Ted Gioia’s recent Substack on George Avakian's entrance into the teenage idol craze circa 1958 left me in my own stream of consciousness, reliving then to now and our slip into idiocracy with MAMLMs (modern advanced machine learning models). What’s specifically got me frustrated is our consistent habit of giving up so much agency over tech and the enshitification that ensues.
Is our society at large really ok with giving AI models a pass? If so, how did we get here? What began the slippery slope into permission for intellectual sludge which in our time might be on the precipice of being used to eliminate jobs, yours and mine, while further degrading the value of intellectual rigor?
Capitalism is good at placing monetary value on a product or service. What it can’t do, what it never could do, is place a value on quality. It can’t critique, it can’t consider, it can’t make you look cool in front of your lover while you make an obscure reference.
People like Thomas Jefferson, John Adams, Abigail Adams and Mercy Otis Warren understood plainly that the Revolutionary ideals that started it all, themselves bearing ideas as far afield from each other as those of John Locke, The Marquis de Condorset and the Haudenosaunee would not last unless the new country they helped launch waseducated. I’d like to believe they were really after a populace rooted in intellectual rigor.
People needed to be able to judge quality. They needed to agree on minimums of toleration while also being able to envision a future rooted in intellectual pursuit. They needed to think for themselves.
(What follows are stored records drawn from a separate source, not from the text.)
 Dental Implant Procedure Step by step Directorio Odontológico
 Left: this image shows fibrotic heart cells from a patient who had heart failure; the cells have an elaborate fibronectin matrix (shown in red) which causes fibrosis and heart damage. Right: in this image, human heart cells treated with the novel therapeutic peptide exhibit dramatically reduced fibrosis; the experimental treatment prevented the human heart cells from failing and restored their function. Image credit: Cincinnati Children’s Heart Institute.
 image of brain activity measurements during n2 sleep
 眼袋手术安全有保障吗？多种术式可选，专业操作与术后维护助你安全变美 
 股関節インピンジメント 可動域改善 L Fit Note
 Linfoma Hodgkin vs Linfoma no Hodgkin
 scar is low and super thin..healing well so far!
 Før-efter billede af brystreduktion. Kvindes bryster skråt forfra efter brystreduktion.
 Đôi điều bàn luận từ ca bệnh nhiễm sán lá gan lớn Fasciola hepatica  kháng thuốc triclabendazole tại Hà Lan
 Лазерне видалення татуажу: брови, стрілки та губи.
So, we created the teenage idol.
Not knocking you kiddos. I mean, it’s adults who keep messing this stuff up.
Alongside the creation of a new suburban landscape that launched an entire literary and cultural onslaught based on boredom and depression, came the desire to create cheap art. It was supposed, this would be most desirable to teenagers, fresh to market and flush with disposable income. An advantageous feature for record labels and book publishers was this stuff could be made on the cheap. Why deal with sophisticated adult performers and writers who believe in the artistic process, have ‘standards’ when you can sign kids with desperate parents. Hell, let’s do away with A&R departments. Don’t need those anymore.
Stan Freberg saw it coming. It’s quaint to hear, ‘So long music parasite’. Surely, or so he thought, jazz would prevail over the trite. Here’s his Payola Roll Blues:
Right side of artistry. Wrong side of history.
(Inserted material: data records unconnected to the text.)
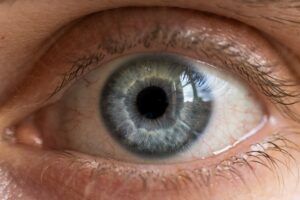 bilan préopératoire de chirurgie réfractive
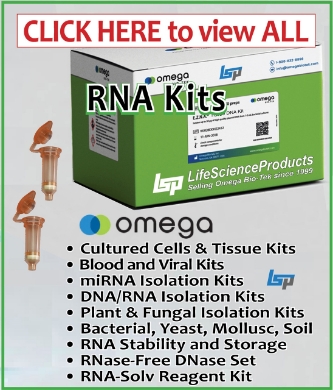 Picture for category 4) RNA & DNA/RNA Kits, RNase-Free DNase Set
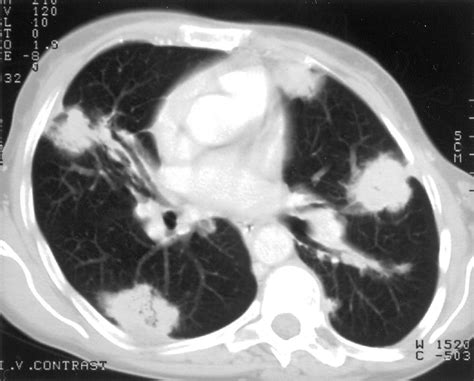 Amyloidosis And The Respiratory Tract Thorax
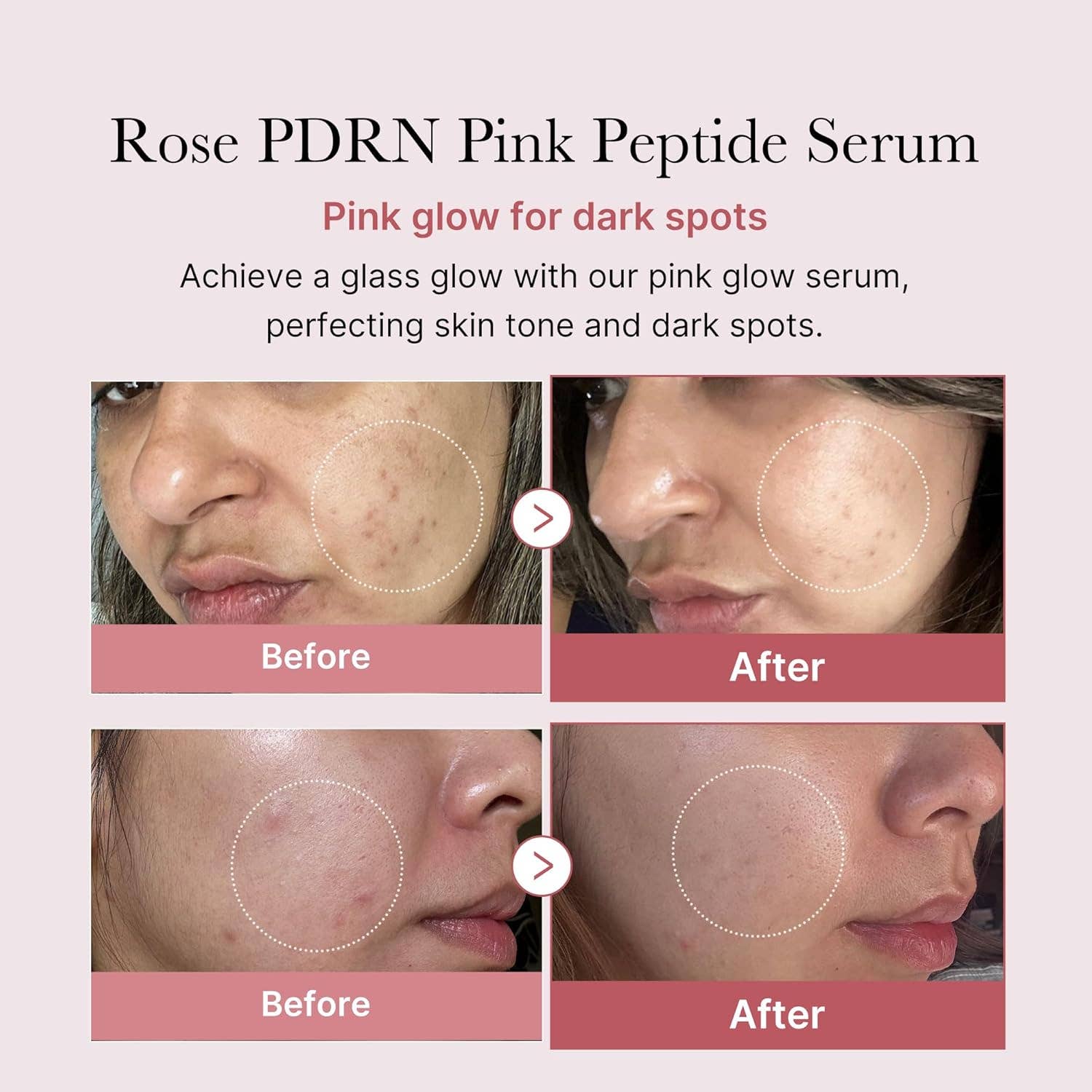 MEDICUBE PDRN Pink Peptide Serum 30ML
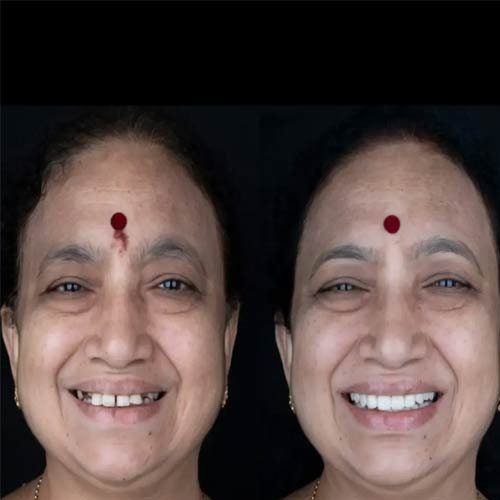 Smile Makeover 2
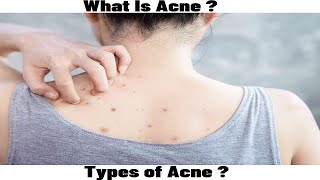 What Is Acne Types Of Acne [upl. by Eseilana]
How does this relate to the here and now?
Roughly speaking, we’ve had artists from the mid century to now insisting to us through their art to pay attention. Zappa’s Joe of Joe’s Garage fame ended up a cucumber living inside his head because, even as the record business debased his fantasy society, faschistic forces were tightening the screws on the public, a public willing to go along in the name of morality. Of cleanliness.
We cut music and art programs for everyday America. We amped up the morality police running parallel with the desecration of industrial America. Manufacturing America. Working America.
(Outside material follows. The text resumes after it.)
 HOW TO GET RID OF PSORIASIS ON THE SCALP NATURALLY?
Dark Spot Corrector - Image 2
We gave each other permission in a two-parent-working-three-or-four-jobs-household to cut corners on quality of thought. We stopped going out. We stopped having the money… ‘not enough time for that’.
We stopped believing that our popular cultural pursuits should challenge our notions. Not enough time for that.
This led to the next logical conclusion. Don’t like being challenged by your college professor, just declare you’re triggered and start convulsing on the floor.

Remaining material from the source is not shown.